Friday, March 4, 2016

Sacraments and Ecology

Liturgy 31, no. 2 (2016) is devoted to issues involving Christian Initiation. Peter McGrail’s essay deals with Pope Francis’s encyclical Laudato Si’ on the environment. Here is the introduction to McGrail’s analysis of the Pope’s focus on caring for Earth as it addresses liturgical matters.

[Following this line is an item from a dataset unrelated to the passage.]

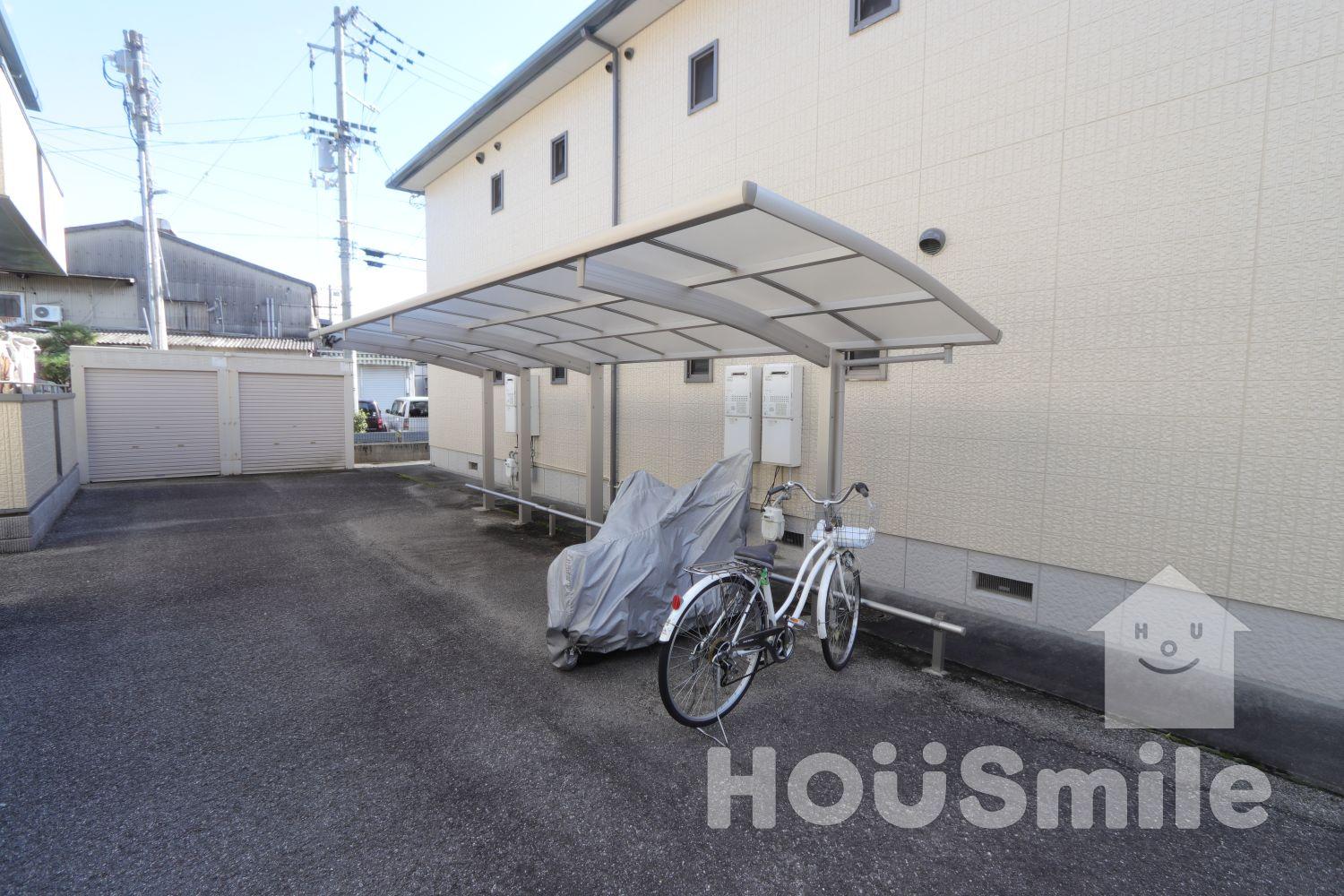 シャーメゾン八万 1番館外観写真02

Fifty years on from Vatican II, the lack of any sustained consideration of the environment in its various constitutions, decrees, and declarations is striking. For example, half of the Constitution on the Church in the Modern World was devoted to detailed consideration of “more urgent problems” – yet the environment was not ranked among them. (See http://www.vatican.va/archive/hist_councils/ii_vatican_council/documents/vat-ii_const_19651207_gaudium-et-spes_en.html)
 
The Council Fathers were reflecting the preoccupations of their time. In the intervening half-century, global perspectives on the issue have changed; today environmental concerns form an arena for passionate political, economic, and scientific debate.
 
 Not surprisingly, therefore, Pope Francis’s second encyclical letter, “Laudato Si’: On Care for Our Common Home” (http://w2.vatican.va/content/francesco/en/encyclicals/documents/papa-francesco_20150524_enciclica-laudato-si.html) has provoked strong and disparate responses. Many Catholics have received it as a timely challenge to review their own priorities and practices. From other quarters the complaint is heard that the Pope has overstepped his legitimate remit by pronouncing on highly disputed interpretations of economic science or by closing down debate as to what responsibility (if any) should be assigned to human beings in the processes of global warming. That the letter should have catalyzed such strong, and at times vehement, responses is hardly surprising; it is difficult to avoid the impression that Pope Francis sets out to be challenging.
 
While the challenge posed by Laudato Si’ to politicians, economists, and diocesan sustainability planners is pretty self-evident, the letter addresses wider audiences, including those responsible for catechumens. At first sight the letter provides food for thought to be explored during the catechumenate period; for example, chapters 4 (“Integral Ecology”) and 6 (“Ecological Education and Spirituality”) offer particularly rich possibilities for catechetical use along the journey of conversion. Laudato Si’, however, also implies (rather than directly raises) questions of a more mystagogical nature. In focusing our attention on humanity’s dependence upon “our Sister, Mother Earth” (no. 1) for the sustenance of life, the letter challenges us to recognize that we depend upon the same mother for the material symbols that we use in initiating men and women into the Christian life—the water, oil, bread, and wine that articulate the catechumenal process.
 
It is of the nature of symbols to combine—sometimes ambiguously—very different fields of meaning. A careful reading of the letter through a liturgical lens can prompt us to expand our awareness of the fields of meaning operative in the symbols of initiation to include the ecological. This, in turn, gives rise to questions. How, for example, can we presume to immerse the elect in the baptismal bath, anoint them with consecrated oil, or invite them to the table of the Eucharist, without recognizing that the natural signs we use can speak also of the poisoning of the natural world, of unequal access to healthy drinking water, and the social impact of consumption? Can we lead our neophytes forward from the Mysteries without having explored these ambiguities with them? Can we ignore sacramental ecology?

  
Peter McGrail is a priest of the Liverpool Roman Catholic Archdiocese and is head of the Department of Theology, Philosophy, and Religious Studies at Liverpool Hope University, UK.

Peter McGrail, “Initiation and Ecology: Becoming a Christian in the Light of Laudato Si’,” Liturgy 31, no. 2 (2016), 55-62.